◆ **Problem statement**
Only the lines from the one that includes "sea Battle Ship Balance Smooth arm 25-1.6" through the last line below belong in the reply, copied exactly and without pictures.

Excerpts from a dataset:
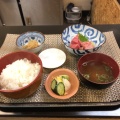 実際訪問したユーザーが直接撮影して投稿した村上ラーメン / つけ麺ドライブインいちろくの写真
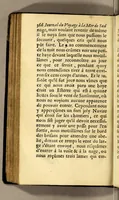 An illustration from Journal du voyage fait a la Mer de Sud, avec les flibustiers de l'Amerique en 1684. & années suivantes. (1693)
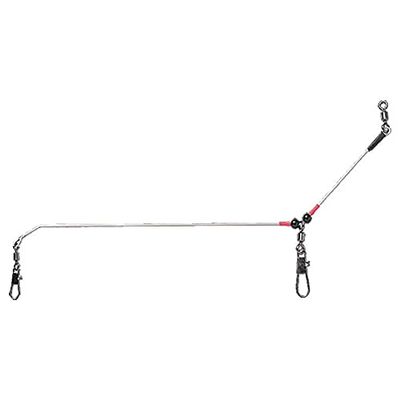 sea Battle Ship Balance Smooth arm 25-1.6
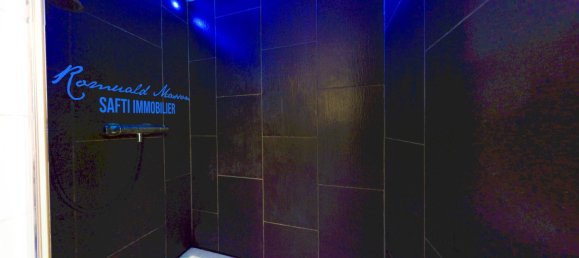 3 bedrooms House in Toulon, France No. 331859 20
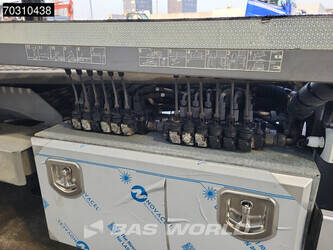 2019-scania-p450-1408032-45051417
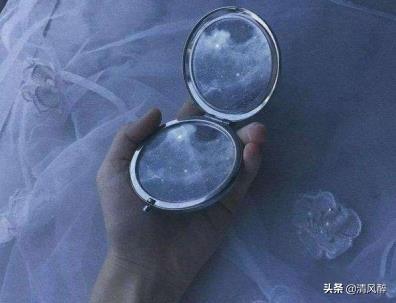 春暖花开季节的句子 春暖花开季节的句子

◆ **Answer to this task**
 sea Battle Ship Balance Smooth arm 25-1.6
 3 bedrooms House in Toulon, France No. 331859 20
 2019-scania-p450-1408032-45051417
 春暖花开季节的句子 春暖花开季节的句子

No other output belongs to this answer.